Yet More Parliamentarian Command
Continuing the theme of figures becoming somebody else, I thought I'd steal the reveal from Stars In Their Eyes...
Possibly my favourite figure from the entire range of 'characters'. This pose really lends itself to a vignette with the figure talking to a figure on foot. The perfect figure for this being the General Coaker collectable figure from PP.
Originally these limited free figures were available for attendees at PP game days, but more recently they have become a wonderful way of remembering gamers and friends of PP who have passed away. Limited to one per household, I'd already utilised my General Coaker figure in a regiment of foot, but was fortunate to be a gifted another (thanks Will). Maybe the figure on foot has just climbed down from a tree at Naseby and is reporting the location of the King to his colonel?
John Okey was a London merchant, and later an MP for Bedfordshire. He's probably much better known as a colonel of dragoons who lined the Sulby hedges at Naseby, and as a signatory of Charles I's death warrant.
Some claimed that Okey was a brewer, his family appear to have been relatively prosperous, and by 1640 he owned a ship chandlers in London.
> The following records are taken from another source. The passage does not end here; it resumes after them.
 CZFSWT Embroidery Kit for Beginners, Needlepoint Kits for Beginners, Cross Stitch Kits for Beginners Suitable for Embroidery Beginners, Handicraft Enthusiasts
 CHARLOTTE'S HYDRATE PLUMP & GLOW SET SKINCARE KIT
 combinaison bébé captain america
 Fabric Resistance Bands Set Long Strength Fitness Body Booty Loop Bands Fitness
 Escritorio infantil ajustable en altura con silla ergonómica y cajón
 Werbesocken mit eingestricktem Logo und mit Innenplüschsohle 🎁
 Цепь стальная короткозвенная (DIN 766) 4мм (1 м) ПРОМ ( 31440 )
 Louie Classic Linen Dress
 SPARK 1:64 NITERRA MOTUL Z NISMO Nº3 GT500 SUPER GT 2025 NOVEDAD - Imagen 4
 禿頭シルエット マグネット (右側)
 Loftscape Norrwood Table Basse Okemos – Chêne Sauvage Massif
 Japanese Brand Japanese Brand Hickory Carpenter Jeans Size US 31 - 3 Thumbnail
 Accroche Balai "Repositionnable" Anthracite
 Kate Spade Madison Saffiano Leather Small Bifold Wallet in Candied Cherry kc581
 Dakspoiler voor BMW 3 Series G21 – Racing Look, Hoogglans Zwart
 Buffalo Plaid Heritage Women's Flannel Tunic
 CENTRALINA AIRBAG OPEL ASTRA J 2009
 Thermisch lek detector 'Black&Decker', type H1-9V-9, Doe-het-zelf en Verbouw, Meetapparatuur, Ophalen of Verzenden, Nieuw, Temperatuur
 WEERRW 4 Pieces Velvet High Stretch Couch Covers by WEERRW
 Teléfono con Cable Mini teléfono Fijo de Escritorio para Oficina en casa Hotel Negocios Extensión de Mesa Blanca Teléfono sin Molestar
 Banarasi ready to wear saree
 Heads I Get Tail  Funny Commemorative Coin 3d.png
Okey was a captain in Richard Browne's Regiment of Dragoons before joining Lord Brooke's Regiment of Horse in February 1643, where he served until May of that year. He transferred to Hesselrigge's Regiment of Horse initially as a captain, being promoted to major in July 1644. In April 1645 he would be promoted to colonel of the newly formed NMA Regiment of Dragoons.
At Naseby his dragoons famously lined the hedges at Sulby, and it is close to there that he is reputed to have seen the King.
In 1648, he was appointed a commissioner to the High Court of Justice, and was one of 135 men who were selected and appointed by "An Act of the Commons Assembled in Parliament" to try the King. Okey was present for most of the court's sittings of Charles's trial. In turn he would sign the King's death warrant.
Involved in The Humble Petition of Several Colonels of the Army in 1654, he would be disciplined and lose his commission.
He lived in the Round House at Brogborough during the 1650s and his estates included the honour of Ampthill, the manor of Millbrook, Brogborough Park and Lodge and lands in Leighton Buzzard. During this period he was active in Bedfordshire affairs and as a Justice of the Peace. He may have been involved in the establishment of John Bunyan’s first Baptist church in Bedford.
After the Restoration he fled abroad, but was betrayed, arrested and returned to England where he was tried and executed as a regicide.
I'm Black Tom, and tonight Matthew I'm going to be Sir Edward Rossiter. Sir Edward has graced these pages before, or rather his Regiment of Horse has.
Rossiter’s family acquired gentry status in Lincolnshire in the 16th century. He was indicted for treason at the Grantham assizes in 1643, and took a prominent part in the first Civil War as a Parliamentarian officer. He was again in arms against the Royalist garrison of Pontefract in 1648, but as a staunch Presbyterian abstained from the House after Pride’s Purge.